- The paper presents a novel multi-agent deep RL framework with action supervision to better assess the contributions of soccer players.
- It leverages GRUs and a temporal difference loss combined with supervised learning for more accurate Q-value estimation in dynamic game settings.
- Comparative analysis shows the model delivers robust valuation of both on- and off-ball actions, enhancing scouting and tactical decisions.
Action Valuation for Soccer Players Using Deep Reinforcement Learning
Introduction
This paper introduces a novel method for valuing the actions of on- and off-ball soccer players using a holistic framework based on multi-agent deep reinforcement learning (RL). The approach leverages a discrete action space in a continuous state space, mimicking Google Research Football, and incorporates supervised learning to enhance RL effectiveness. The valuation method addresses the challenges posed by the dynamic nature of soccer, where players continuously make decisions in a spatiotemporally continuous environment. The proposed framework assesses both the overt and subtle contributions of players, providing valuable insights into teamwork effectiveness, player scouting, and fan engagement.
Methodology
The RL framework comprises three core components: state, action, and reward. The state includes the positions and velocities of players and the ball, while the actions encompass movement directions, passes, and shots. Rewards are assigned based on game outcomes, such as goals, expected scoring probabilities, and opponent attacks.
The architecture of the RL model incorporates gated recurrent units (GRUs) for processing sequential game state inputs and outputs Q-values for each player's actions.
Figure 1: Our deep RL model with action supervision.
To enhance learning accuracy, the model employs a temporal difference (TD) loss function combined with action supervision. The action supervision restrains learning trajectories by emphasizing actions taken in the actual game, inducing an inductive bias to efficiently estimate Q-values for potential actions.
Experiments and Results
Experiments were conducted using data from 54 games in the 2019 Meiji J1 League. The effectiveness of the model was demonstrated through the analysis of attack sequences from Yokohama F. Marinos.
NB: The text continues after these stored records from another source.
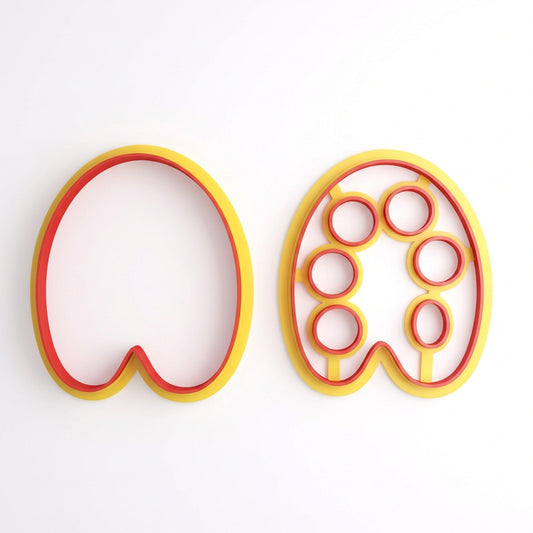 Cortador de silueta y sello en forma de paleta de pintor para elaborar galletas acuarela
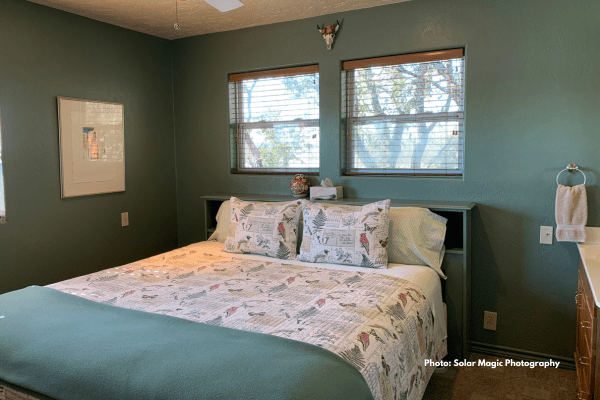 Sunset Guest House at Rainbow Hearth Sanctuary & Retreat Photo by Solar Magic Photography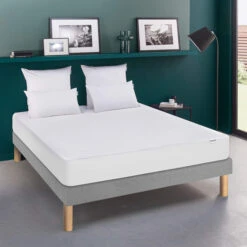 Protège Matelas Bultex Grand Confort Absorbant - Bonnet Extensible 20 à 30 Cm -Lematelas Soldes Boutique protege matelas grand confort absorbant ambiance 1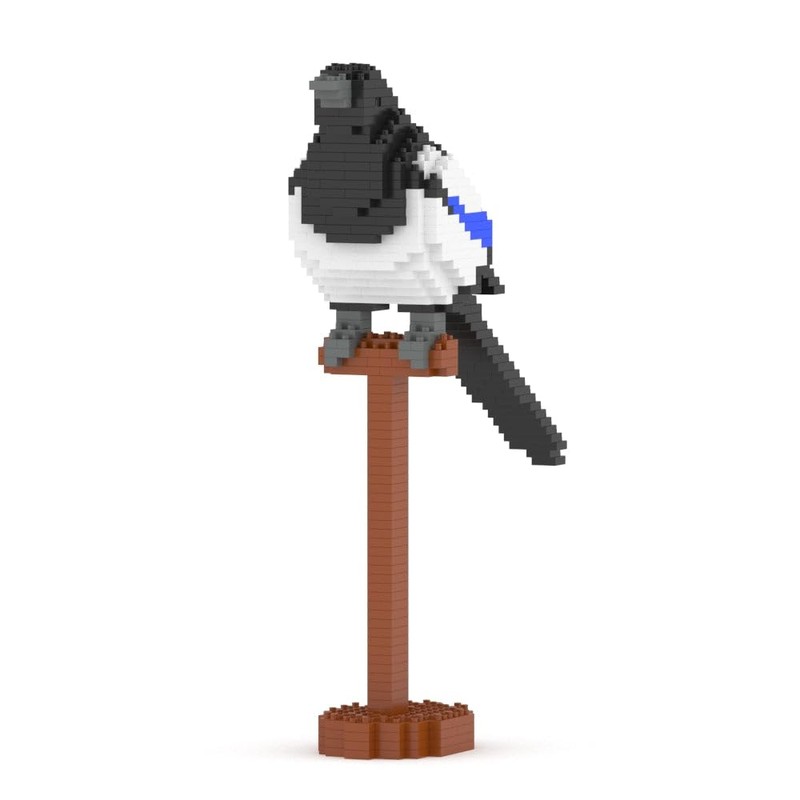 JEKCA Magpie 01S | Bird Plastic Building Blocks | Age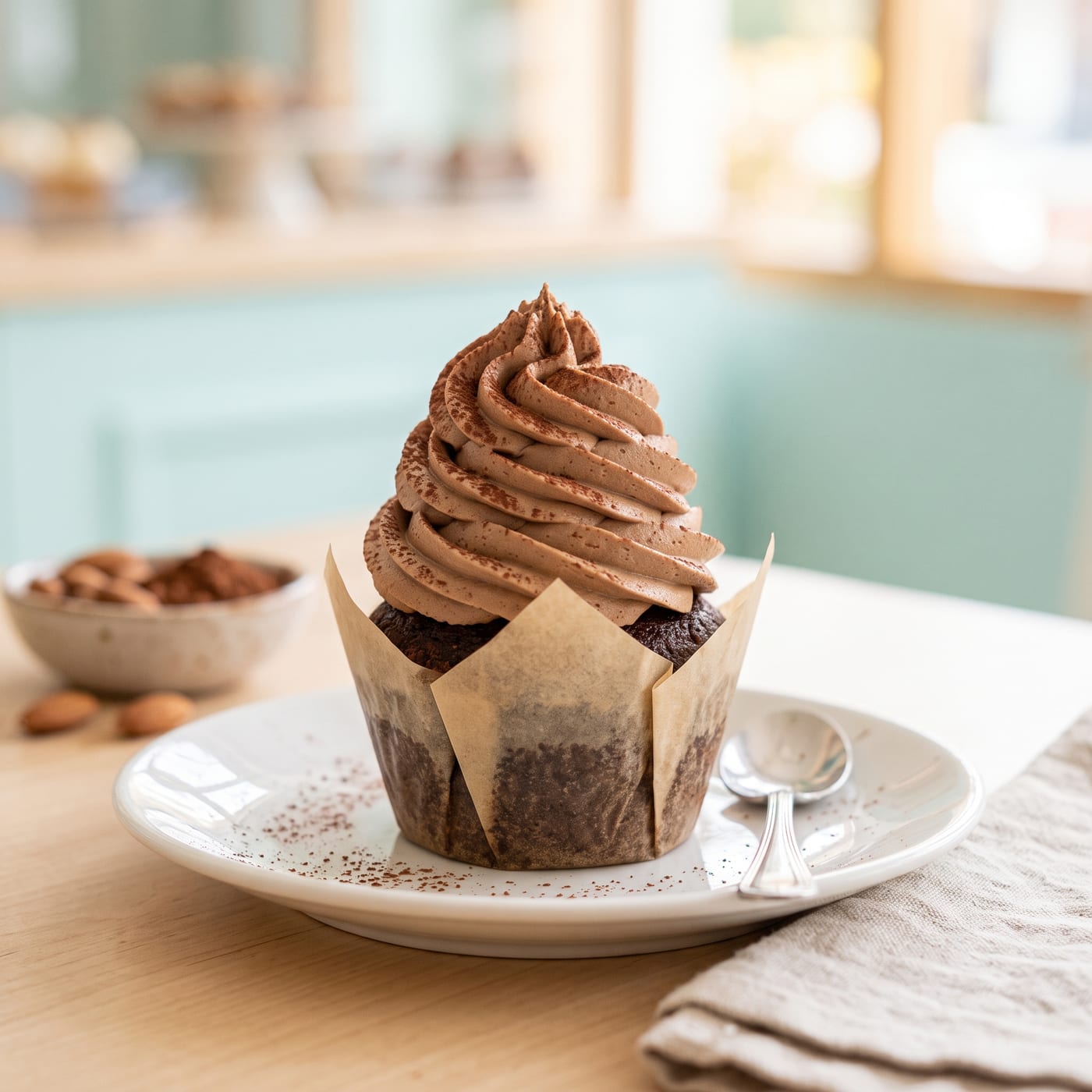Keto Almond Mocha Cupcakes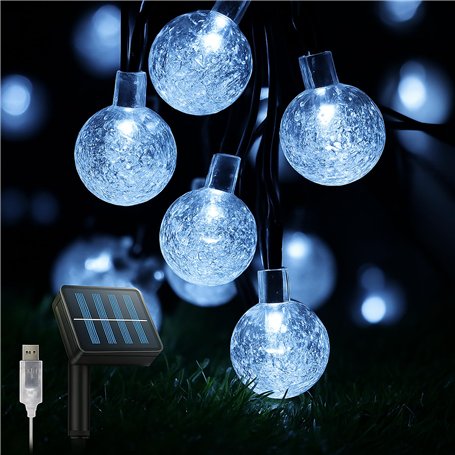 ANSGEC Guirlande Lumineuse Exterieure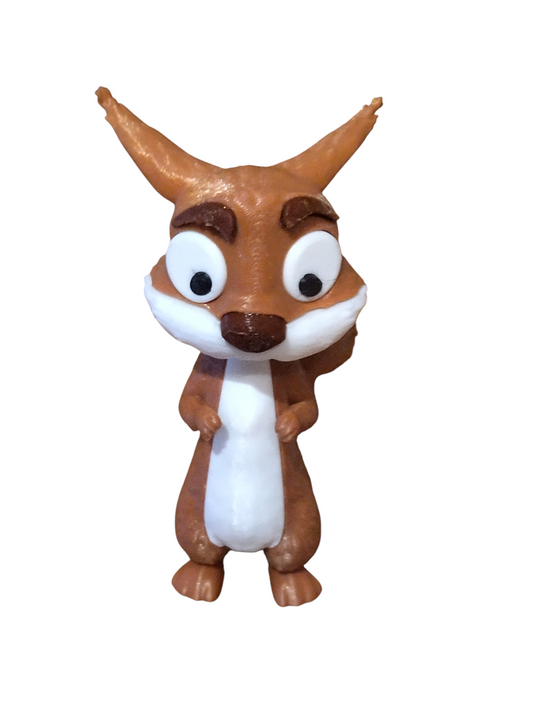 Ecureuil ami du loup Mal-Aimé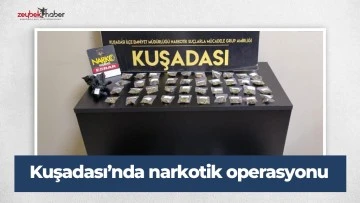 Kuşadası&rsquo;nda narkotik operasyonu
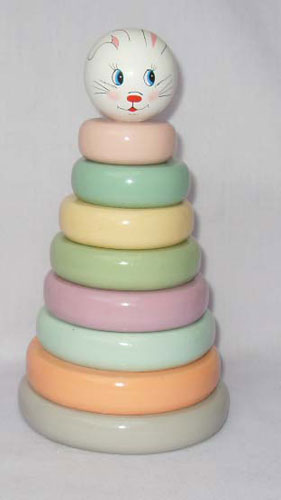Stapelsorterare ringstapel pastell färger - 2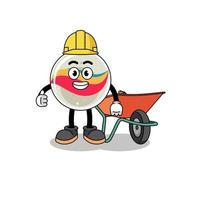 marble toy cartoon as a contractor vector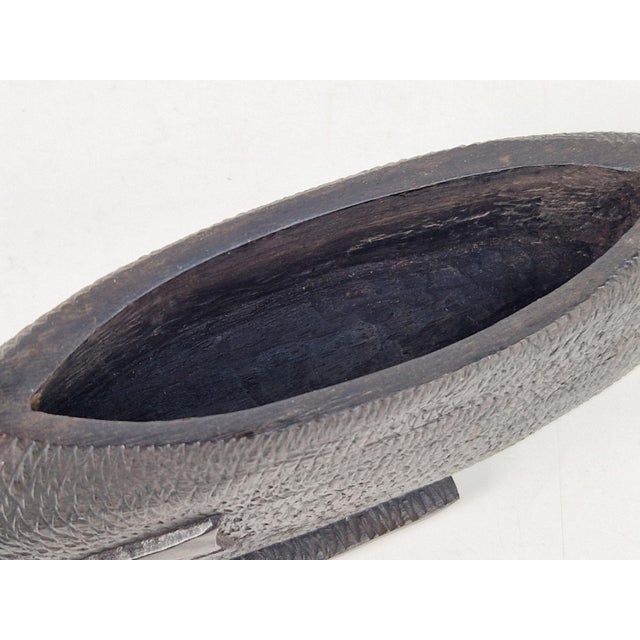 1950s Vintage African Fish in Hand Carved Ebony Wood, 1950s For Sale - Image 5 of 13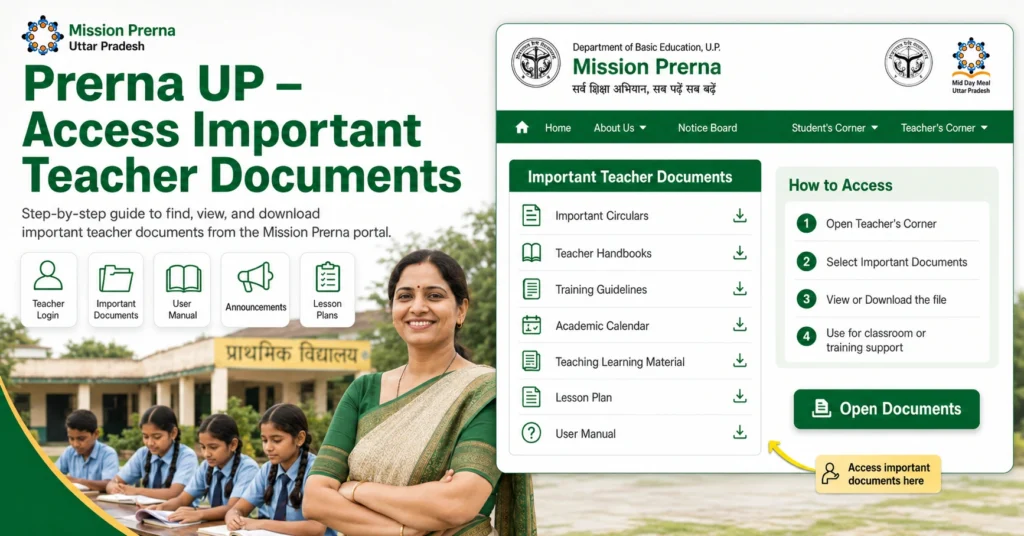 Prerna UP – Access Important Teacher Documents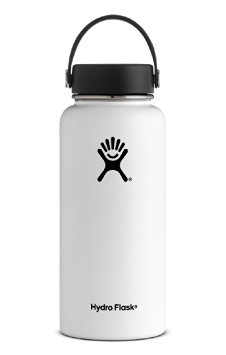 Hydro Flask Vacuum Insulated Stainless Steel Water Bottle, Wide Mouth w/Flex Cap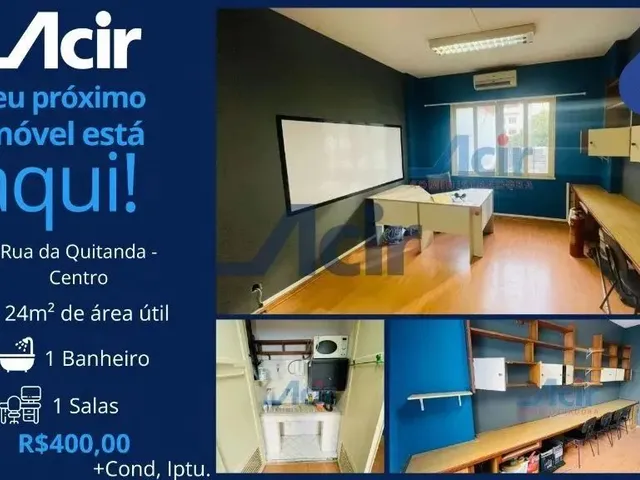 Imagem 1: Sala Comercial para Venda e Locação! R$ 90.000,00 e R$ 400,00/Mês - Centro - Rio De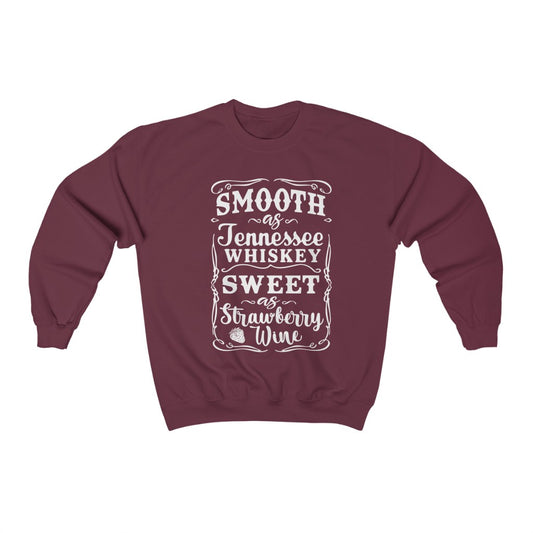 Smooth as Tennessee Whiskey Unisex Heavy Blend™ Crewneck Sweatshirt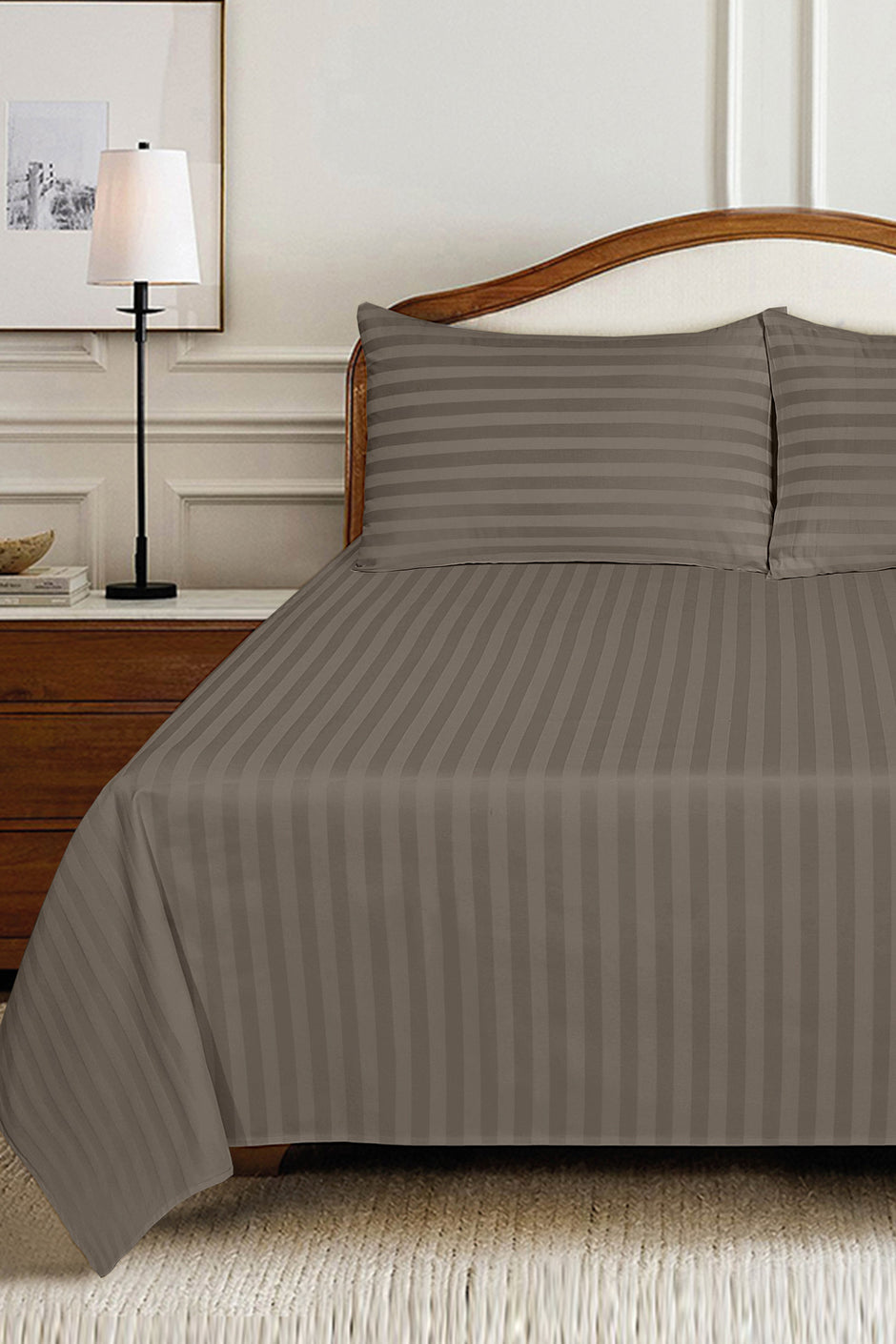 Brindle Luxury Stripe Bed Sheet Set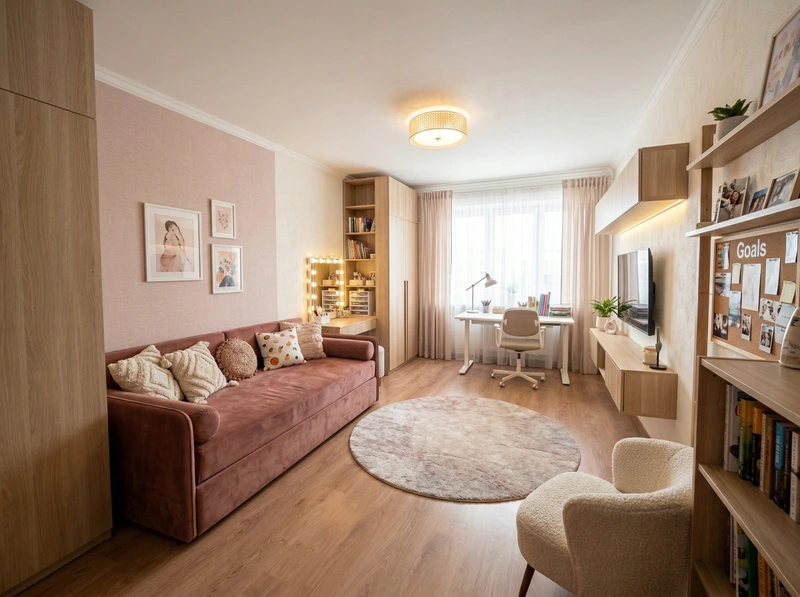 Дизайн детской в стиле Без стиля — фото интерьера от нейросети RoomGPT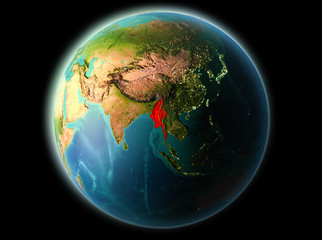 Myanmar in the evening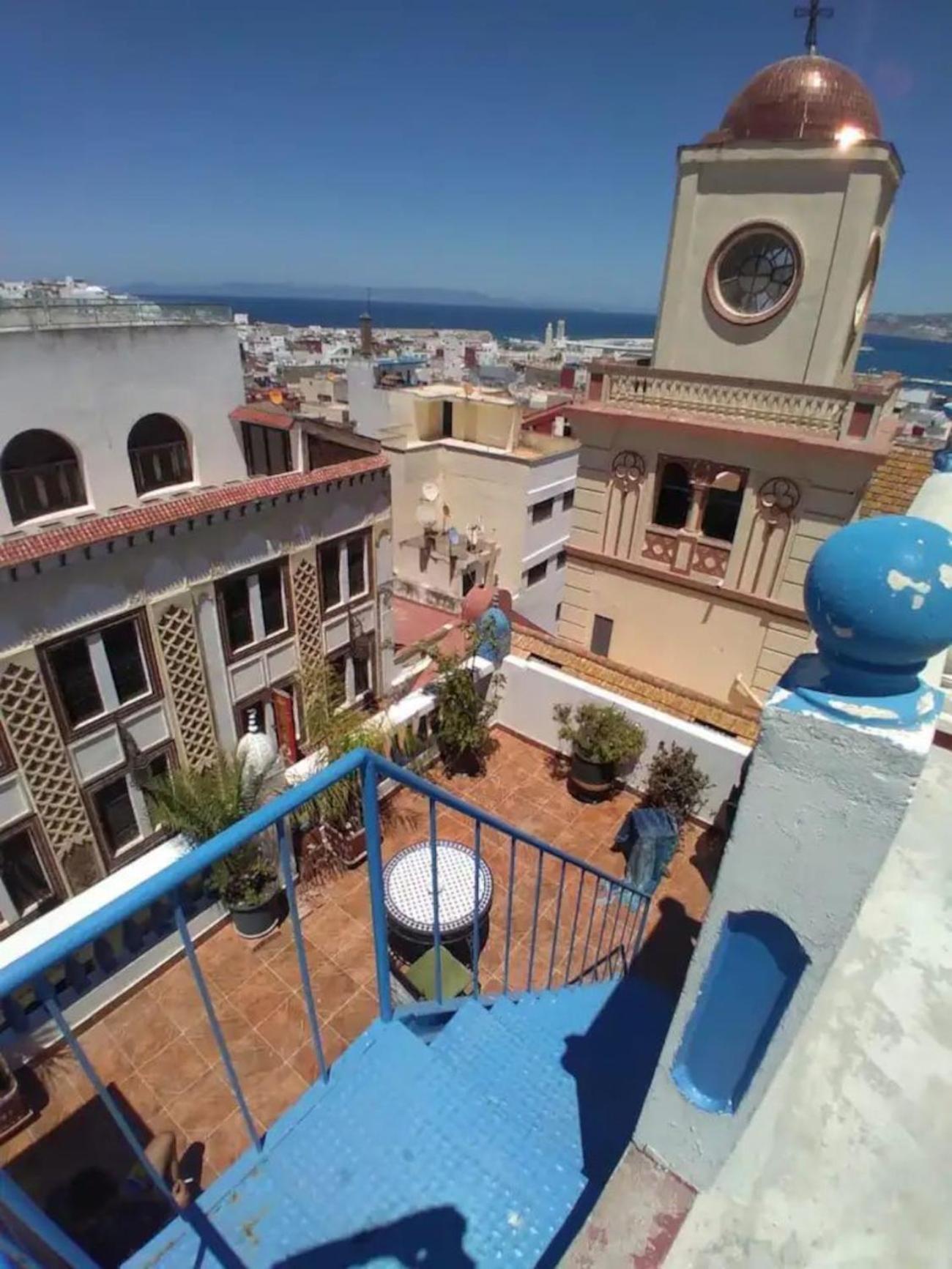 Tangier Medina Roof Top Apartment With Ocean Views Exterior photo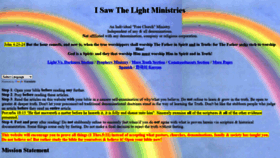 What Isawthelightministries.com website looked like in 2020 (3 years ago)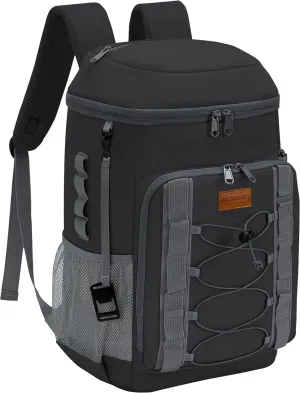 Backpack Coolers Insulated Leak Proof, 30/45 Cans Beach Cooler Backpack, Water-Resistant Soft Cooler Bag for Camping Picnic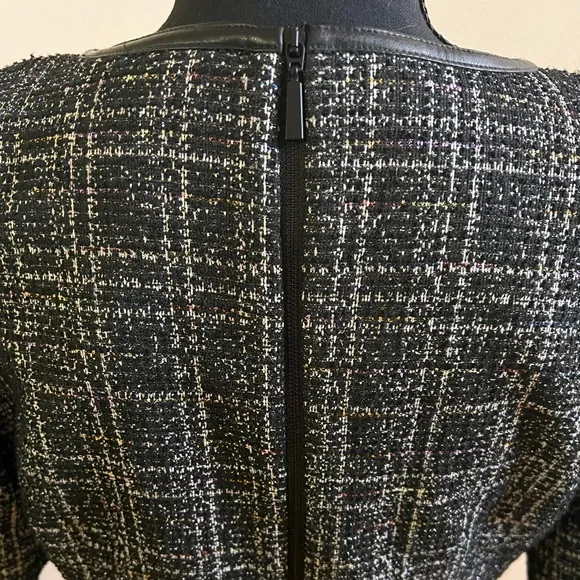 Calvin Klein Black and White Plaid Dress - Picture 4 of 5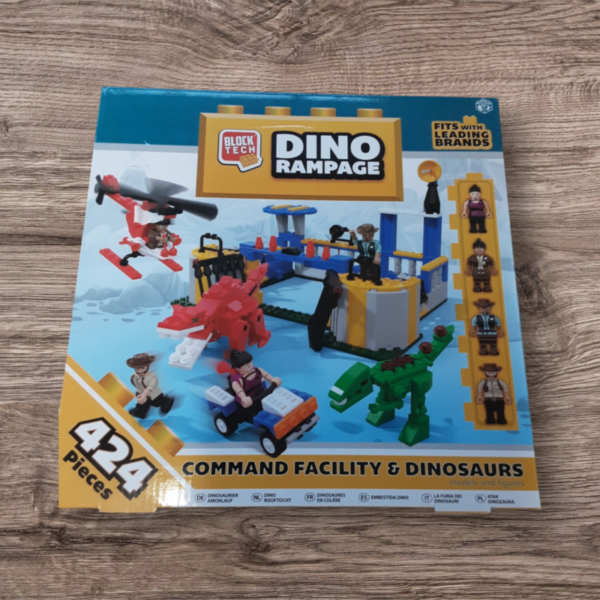 Dino Rampage 424 Pieces Block Tech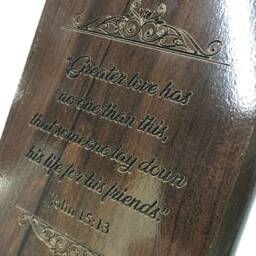 Personalized Engraved Bible Verses On Wood With Stand - thumbnail 2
Quantitative evaluation showed that models with action supervision exhibited superior performance, evidenced by lower TD loss and higher Q-values for realistic playing strategies.
Figure 2: Example of estimated Q-values. (a) shows an example attack. Blue, red, and black indicate the attacker, defender, and the ball, respectively (note that the ball is over a defender). (b) and (c) show the Q-value of player A for each action using the RL model with and without action supervision, respectively. Note that i,p,sh,sp,rd,ss correspond to idle, pass, shot, sprint, decelerate, and sprint end, respectively, and arrows correspond to the direction of movement.
The proposed method displayed robustness in valuing defensive players' contributions, correlating significantly with players known for their effective passes. The analysis of player valuation against conventional indicators like goals, expert ratings, and existing scoring models highlighted the unique insights provided by the RL framework.
Figure 3: The relationship between (a) average Q-values computed by the proposed method and season goals and (b) average Q-values of on- and off-ball states.
Figure 4: The relationship between average Q-values by the proposed method and (a) the average rating by the experts, (b) OBSO \cite{Spearman18}.
Comparative Analysis
The proposed method was evaluated against other indicators, such as OBSO and C-OBSO. These comparisons underscored the proposed approach's capability to comprehensively value players' impacts, including their indirect contributions through strategic movements and passes. The RL model's valuations effectively identified players' contributions beyond mere goal-scoring, reflecting their overall engagement in playmaking and defense.
Conclusion
The paper presents a deep RL framework augmented with action supervision that systematically values soccer players' contributions in a continuous and dynamic environment. This approach provides meaningful insights into player valuations, offering a tool for coaches, scouts, and teams aiming to enhance team collaboration and extract individual player assessments. Future work may involve refining RL models with more sophisticated reward functions and advancing simulations to bolster player valuation accuracy. The results contribute to strengthening the understanding of tactical behavior modeling in team sports, paving the way for intelligent sports analytics.